A New Teacher-Reviewer-Student Framework for Semi-supervised 2D Human Pose Estimation

TL;DR

This work tackles the labeling bottleneck in 2D human pose estimation by introducing a semi-supervised framework that blends a teacher, reviewer, and student. The Teacher-Reviewer-Student architecture leverages unlabeled data through teacher guidance and historical parameter information stored by reviewer networks, while Multi-level Feature Learning and Keypoint-Mix augment supervision and discrimination of keypoints. Training combines supervised losses on labeled data with two consistency-based unsupervised losses on unlabeled data, and reviewer parameters are maintained via EMA to retain training history. Empirical results on COCO, MPII, and AI Challenger demonstrate state-of-the-art improvements under limited labels, with ablations confirming the effectiveness of the proposed components and qualitative analyses verifying improved localization and robustness.

Abstract

Conventional 2D human pose estimation methods typically require extensive labeled annotations, which are both labor-intensive and expensive. In contrast, semi-supervised 2D human pose estimation can alleviate the above problems by leveraging a large amount of unlabeled data along with a small portion of labeled data.

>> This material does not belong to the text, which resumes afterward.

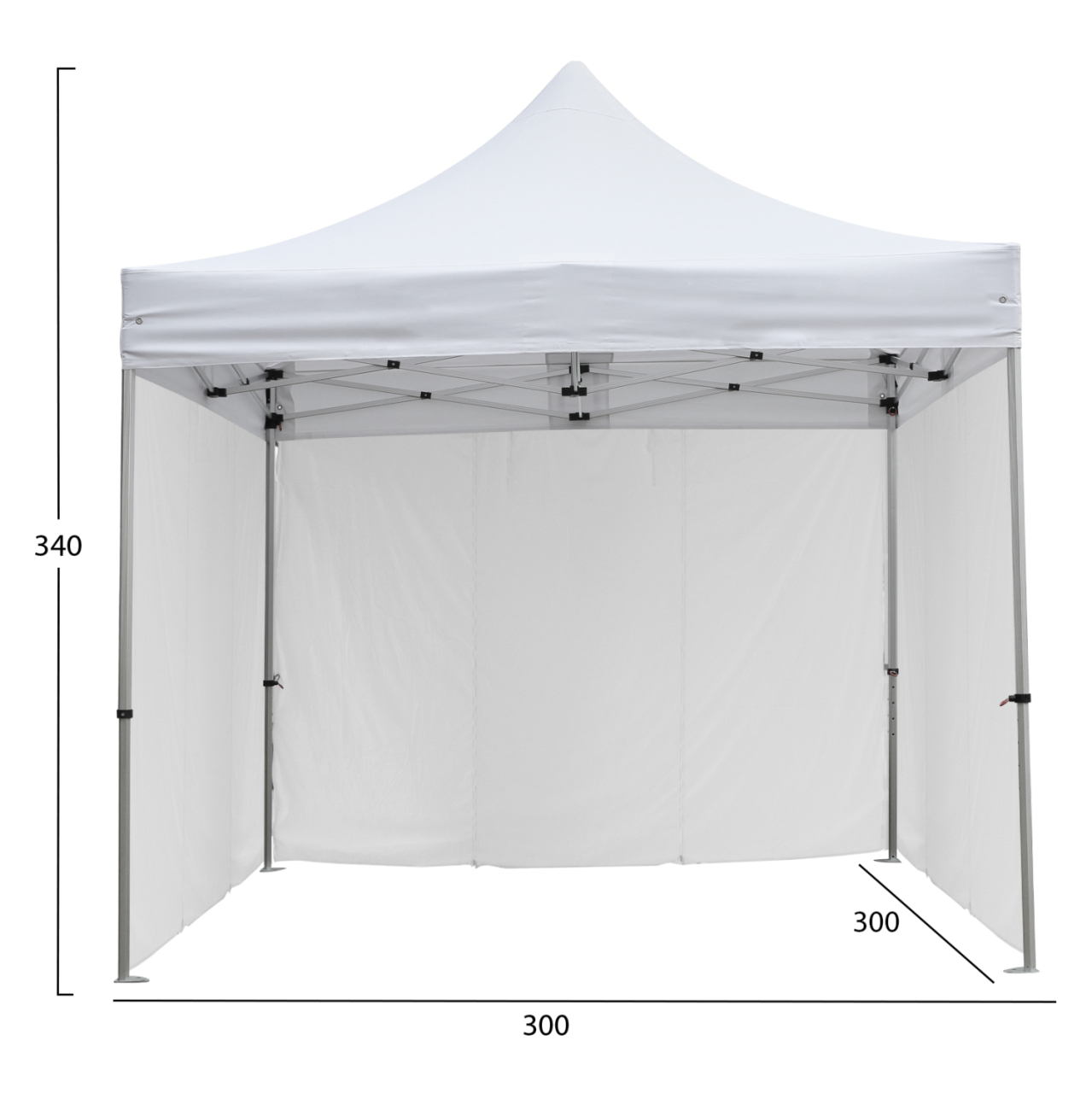 GAZEBO HEAVY DUTY WITH 3 SIDEWALL SHADES CRESSEN HM21097.01 FOLDABLE-ALUMINUM SILVER FRAME-WHITE 3x3x3,4Hm [2]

Existing semi-supervised 2D human pose estimation methods update the network through backpropagation, ignoring crucial historical information from the previous training process. Therefore, we propose a novel semi-supervised 2D human pose estimation method by utilizing a newly designed Teacher-Reviewer-Student framework. Specifically, we first mimic the phenomenon that human beings constantly review previous knowledge for consolidation to design our framework, in which the teacher predicts results to guide the student's learning and the reviewer stores important historical parameters to provide additional supervision signals. Secondly, we introduce a Multi-level Feature Learning strategy, which utilizes the outputs from different stages of the backbone to estimate the heatmap to guide network training, enriching the supervisory information while effectively capturing keypoint relationships. Finally, we design a data augmentation strategy, i.e., Keypoint-Mix, to perturb pose information by mixing different keypoints, thus enhancing the network's ability to discern keypoints. Extensive experiments on publicly available datasets, demonstrate our method achieves significant improvements compared to the existing methods.

Figures (6)

• Figure 1: Illustrations of our proposed Teacher-Reviewer-Student framework for semi-supervised 2D HPE task. Unlike fully supervised methods that rely solely on labeled data for pose estimation, our semi-supervised method utilizes both labeled and unlabeled data to estimate human pose. Furthermore, we propose the reviewer network based on the teacher-student framework to provide additional supervisory signals.
• Figure 2: Overview of our framework. Our method comprises network $\mathcal{G}$, network $\mathcal{F}$ and reviewer networks $\mathcal{R}_1$, $\mathcal{R}_2$. Network $\mathcal{G}$ and network $\mathcal{F}$ both take turns playing the roles of teacher and student. The teacher network generates predicted results for unlabeled data to guide the training of the student network. Reviewer networks retain crucial information from network $\mathcal{G}$ and network $\mathcal{F}$ during the training while providing additional supervision, which parameters are updated from network $\mathcal{G}$ and network $\mathcal{F}$ via EMA. Multi-level Feature Learning indicates upsampling the outputs of the multiple stages of the backbone to estimate the heatmap. Keypoint-Mix is a data augmentation strategy. ${\mathcal{M}_{e \rightarrow h}}$ denotes the mapping of the predicted results of easy augmented data and hard augmented data to the same coordinate space.
• Figure 3: Illustration of data augmentation strategy Keypoint-Mix. Unlabeled data is fed into the teacher network to generate keypoint predictions, which are then randomly sampled, with image patches extracted from the surrounding regions. Afterward, these image patches are mixed to obtain a blended patch to cover back the original regions.
• Figure 4: Qualitative comparison of our method and other semi-supervised 2D HPE methods Dual 9710942 and SSPCM Huang_2023_CVPR on COCO VAL dataset, where all models are trained with 1K labeled data using ResNet18 as the backbone. The first and second rows indicate single-person scenario, the third row denotes multiple-person scenario, and the fourth row represents occlusion scenario.
• Figure 5: Heatmap visualization of two samples from COCO dataset. The columns are arranged from left to right as follows: ground truth (GT), heatmap estimation results of our method without using the Multi-level Feature Learning (w/o MFL), and heatmap estimation results of our full method.